Statistical learning systems. These systems maintain and update degrees of belief in prospects and calculate confidence bounds on these probabilities (White, Engen, Sorensen, Overgaard, & Shergill, 2014). They also compute decision-guiding signals, including riskiness of outcomes, absolute and relative value, expected value, and discrepancies between expected and actual outcomes (Montague & Berns, 2002; Montague, King-Casas, & Cohen, 2006; Schultz, 2000).

Causal learning systems. These systems generate graphical maps of a domain with links representing causal relations (Gopnik & Glymour, 2002; Gopnik et al., 2004). The graphical causal maps are produced by tracking statistical information about correlations and conditional probabilities among observed events as well as information gained through active interventions (e.g., pushing a button on a machine to see what happens next).

Analogical reasoning systems. These systems apply strategies and models learned in one domain to other domains. This is made possible by identifying abstract similarities at the level of the relations between objects, even when the relevant objects are dissimilar (Gentner & Markman, 1997; Holyoak & Thagard, 1996).

Social cognition systems. These systems keep track of other peoples' mental states as well as underlying character traits that give rise to long-term patterns of behavior (Brune & Brune-Cohrs, 2006; Gallagher & Frith, 2003; Karmiloff-Smith, Klima, Bellugi, Grant, & Baron-Cohen, 1995). Additional systems keep track of reputations

(e.g., a person's moral reputation) and information about friendships, alliances, coalitions, and benefits and burdens implicitly or explicitly accruing from social contracts (Carruthers, 2006). All the preceding systems interact to produce high-level explanations and interpretations of complex social interactions.

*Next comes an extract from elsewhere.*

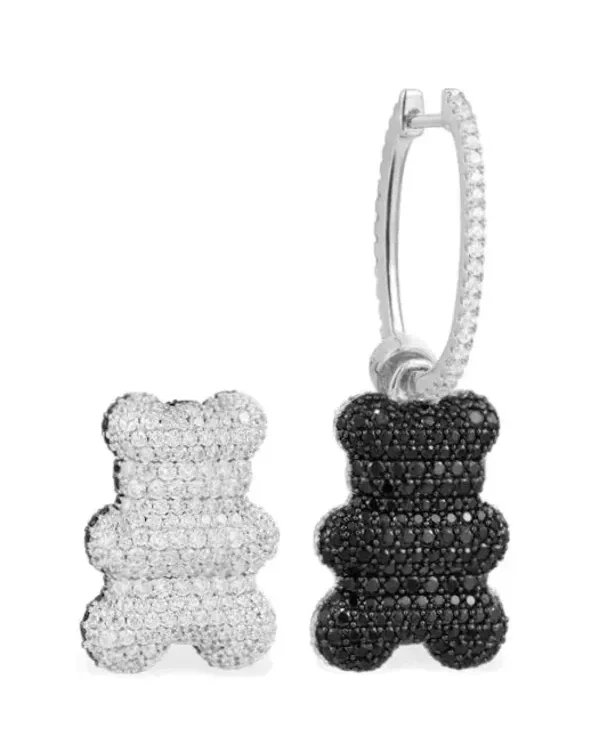 Boucle d'oreille APM Monaco Yummy Bear argent 925 bicolore zirconium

In our extended CLS framework, episodic memory-based learning examples stored and reactivated by the hippocampal surface system are "consumed" by these conceptual learning systems. These multiple conceptual systems separately engage in various forms of deep learning, including such things as detecting generalizations, constructing causal explanations, predicting downstream consequences, identifying cross-domain relationships and similarities, assigning social meanings, and so forth.